===== EXCERPTED DATA

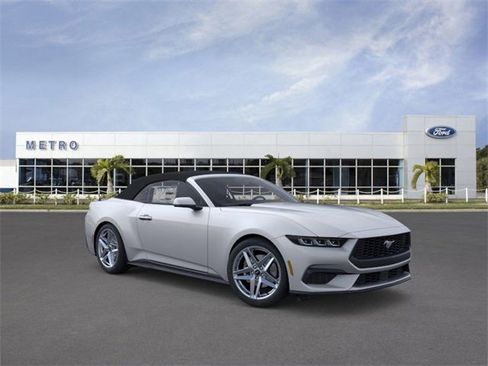 New 2025 Ford Mustang Premium image 7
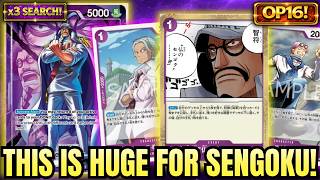 Don't sleep on these NEW Sengoku cards!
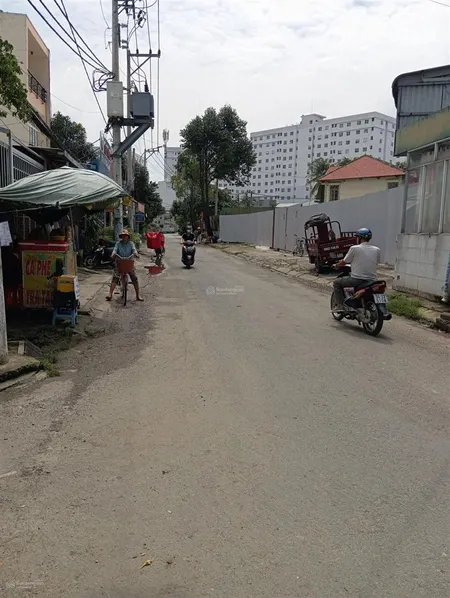 Đất lô góc mtkd chính đường số 12 trường thọ 220m2 giá 15 tỷ nhỉnh
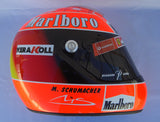 Michael Schumacher 2002 Replica Helmet / Ferrari F1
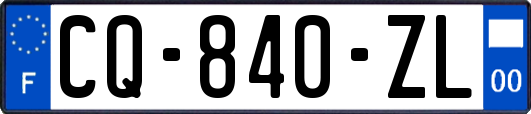 CQ-840-ZL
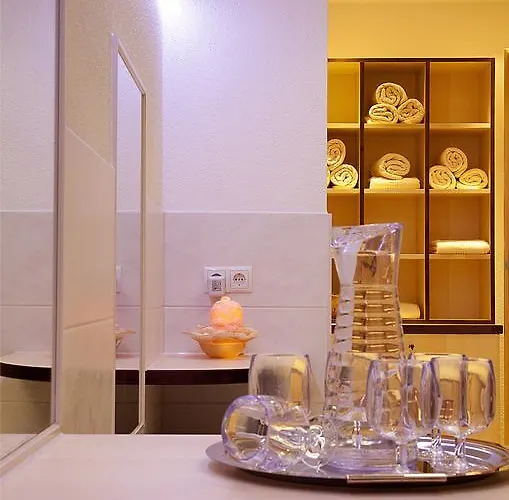 阿尔平公寓酒店 索尔登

==========

● WHAT THIS TASK INVOLVES
Everything from the line containing "Michael Schumacher 2002" through the final line of the material must be set down exactly, except the pictures.

● TASK RESPONSE
 Michael Schumacher 2002 Replica Helmet / Ferrari F1
 CQ-840-ZL
 阿尔平公寓酒店 索尔登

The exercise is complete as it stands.